**WORK REQUEST**
Your answer should be the lines below from the one holding "Vintage Nike track" through the one holding "A bottle of", copied exactly and with nothing else.

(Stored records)
=== Section Start ===

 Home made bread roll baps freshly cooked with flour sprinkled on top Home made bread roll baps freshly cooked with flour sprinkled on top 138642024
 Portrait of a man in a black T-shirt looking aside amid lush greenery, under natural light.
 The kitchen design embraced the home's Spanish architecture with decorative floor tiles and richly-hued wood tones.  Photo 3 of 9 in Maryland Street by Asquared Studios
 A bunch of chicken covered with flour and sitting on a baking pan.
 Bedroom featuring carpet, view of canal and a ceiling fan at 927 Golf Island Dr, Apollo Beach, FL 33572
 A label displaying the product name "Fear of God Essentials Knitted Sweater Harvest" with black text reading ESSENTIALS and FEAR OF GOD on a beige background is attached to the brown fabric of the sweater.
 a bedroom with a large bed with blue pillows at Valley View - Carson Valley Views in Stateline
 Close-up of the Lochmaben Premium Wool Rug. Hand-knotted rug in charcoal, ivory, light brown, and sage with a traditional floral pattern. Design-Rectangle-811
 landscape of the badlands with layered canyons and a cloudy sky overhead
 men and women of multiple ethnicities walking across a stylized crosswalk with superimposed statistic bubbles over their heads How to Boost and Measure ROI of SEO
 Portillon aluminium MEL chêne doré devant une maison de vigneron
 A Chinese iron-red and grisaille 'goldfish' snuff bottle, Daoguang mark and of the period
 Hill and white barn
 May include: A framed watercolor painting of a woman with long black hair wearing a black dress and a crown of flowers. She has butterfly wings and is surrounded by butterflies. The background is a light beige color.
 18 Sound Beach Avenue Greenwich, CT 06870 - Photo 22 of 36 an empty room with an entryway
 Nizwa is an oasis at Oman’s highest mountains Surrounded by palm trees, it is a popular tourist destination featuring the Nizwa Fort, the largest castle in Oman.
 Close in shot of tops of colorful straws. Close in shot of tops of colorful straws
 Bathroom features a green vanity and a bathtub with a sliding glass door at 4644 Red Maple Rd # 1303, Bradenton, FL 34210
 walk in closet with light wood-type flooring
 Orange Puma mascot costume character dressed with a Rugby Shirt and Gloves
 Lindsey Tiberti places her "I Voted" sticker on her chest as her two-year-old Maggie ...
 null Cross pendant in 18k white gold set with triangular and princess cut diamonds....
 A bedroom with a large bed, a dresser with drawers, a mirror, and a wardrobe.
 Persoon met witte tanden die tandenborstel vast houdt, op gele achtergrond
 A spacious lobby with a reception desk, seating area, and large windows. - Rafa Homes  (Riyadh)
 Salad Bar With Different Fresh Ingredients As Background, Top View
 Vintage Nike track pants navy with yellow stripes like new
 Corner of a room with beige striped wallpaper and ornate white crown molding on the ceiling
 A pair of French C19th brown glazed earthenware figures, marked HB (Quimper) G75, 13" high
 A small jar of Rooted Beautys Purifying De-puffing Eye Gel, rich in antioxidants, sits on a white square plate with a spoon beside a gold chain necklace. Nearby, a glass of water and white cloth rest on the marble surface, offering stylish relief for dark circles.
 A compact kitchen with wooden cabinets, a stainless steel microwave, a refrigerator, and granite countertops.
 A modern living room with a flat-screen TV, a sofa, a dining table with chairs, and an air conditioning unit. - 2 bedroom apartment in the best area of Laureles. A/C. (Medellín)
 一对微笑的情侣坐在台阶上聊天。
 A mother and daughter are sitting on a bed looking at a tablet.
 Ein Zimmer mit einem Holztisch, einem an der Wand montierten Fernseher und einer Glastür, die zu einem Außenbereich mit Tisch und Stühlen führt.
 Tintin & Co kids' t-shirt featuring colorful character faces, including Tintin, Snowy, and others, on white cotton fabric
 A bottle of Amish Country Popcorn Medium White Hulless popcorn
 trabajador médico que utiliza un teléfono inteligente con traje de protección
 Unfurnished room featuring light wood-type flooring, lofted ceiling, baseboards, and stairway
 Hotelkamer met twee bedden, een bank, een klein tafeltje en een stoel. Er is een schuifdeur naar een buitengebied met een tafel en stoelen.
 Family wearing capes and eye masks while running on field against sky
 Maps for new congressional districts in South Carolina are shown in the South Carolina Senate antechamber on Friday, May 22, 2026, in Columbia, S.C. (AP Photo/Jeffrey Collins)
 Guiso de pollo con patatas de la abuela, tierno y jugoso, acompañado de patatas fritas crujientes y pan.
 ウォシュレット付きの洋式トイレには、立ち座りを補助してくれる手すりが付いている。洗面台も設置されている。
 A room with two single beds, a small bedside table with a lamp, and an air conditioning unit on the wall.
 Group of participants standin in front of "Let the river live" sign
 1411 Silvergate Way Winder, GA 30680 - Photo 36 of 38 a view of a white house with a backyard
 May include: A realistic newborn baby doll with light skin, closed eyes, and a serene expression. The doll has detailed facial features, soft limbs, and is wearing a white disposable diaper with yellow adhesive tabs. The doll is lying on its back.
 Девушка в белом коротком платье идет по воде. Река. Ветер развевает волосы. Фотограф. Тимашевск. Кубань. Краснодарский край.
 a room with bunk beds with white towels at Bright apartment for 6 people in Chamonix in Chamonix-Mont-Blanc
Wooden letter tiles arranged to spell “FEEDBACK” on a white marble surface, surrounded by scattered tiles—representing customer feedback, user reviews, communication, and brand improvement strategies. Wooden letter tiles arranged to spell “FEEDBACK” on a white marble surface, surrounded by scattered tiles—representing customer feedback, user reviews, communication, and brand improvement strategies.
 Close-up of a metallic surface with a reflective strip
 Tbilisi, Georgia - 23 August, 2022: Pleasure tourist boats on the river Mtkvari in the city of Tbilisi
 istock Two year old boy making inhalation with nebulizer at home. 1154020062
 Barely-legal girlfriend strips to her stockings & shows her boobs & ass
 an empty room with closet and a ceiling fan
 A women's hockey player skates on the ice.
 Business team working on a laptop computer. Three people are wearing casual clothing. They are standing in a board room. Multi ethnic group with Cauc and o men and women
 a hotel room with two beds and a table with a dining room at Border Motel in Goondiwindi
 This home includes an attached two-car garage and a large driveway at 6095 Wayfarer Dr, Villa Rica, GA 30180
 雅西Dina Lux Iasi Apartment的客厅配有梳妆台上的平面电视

=== Section End ===

**SOLUTION FOR THIS EXERCISE**
 Vintage Nike track pants navy with yellow stripes like new
 Corner of a room with beige striped wallpaper and ornate white crown molding on the ceiling
 A pair of French C19th brown glazed earthenware figures, marked HB (Quimper) G75, 13" high
 A small jar of Rooted Beautys Purifying De-puffing Eye Gel, rich in antioxidants, sits on a white square plate with a spoon beside a gold chain necklace. Nearby, a glass of water and white cloth rest on the marble surface, offering stylish relief for dark circles.
 A compact kitchen with wooden cabinets, a stainless steel microwave, a refrigerator, and granite countertops.
 A modern living room with a flat-screen TV, a sofa, a dining table with chairs, and an air conditioning unit. - 2 bedroom apartment in the best area of Laureles. A/C. (Medellín)
 一对微笑的情侣坐在台阶上聊天。
 A mother and daughter are sitting on a bed looking at a tablet.
 Ein Zimmer mit einem Holztisch, einem an der Wand montierten Fernseher und einer Glastür, die zu einem Außenbereich mit Tisch und Stühlen führt.
 Tintin & Co kids' t-shirt featuring colorful character faces, including Tintin, Snowy, and others, on white cotton fabric
 A bottle of Amish Country Popcorn Medium White Hulless popcorn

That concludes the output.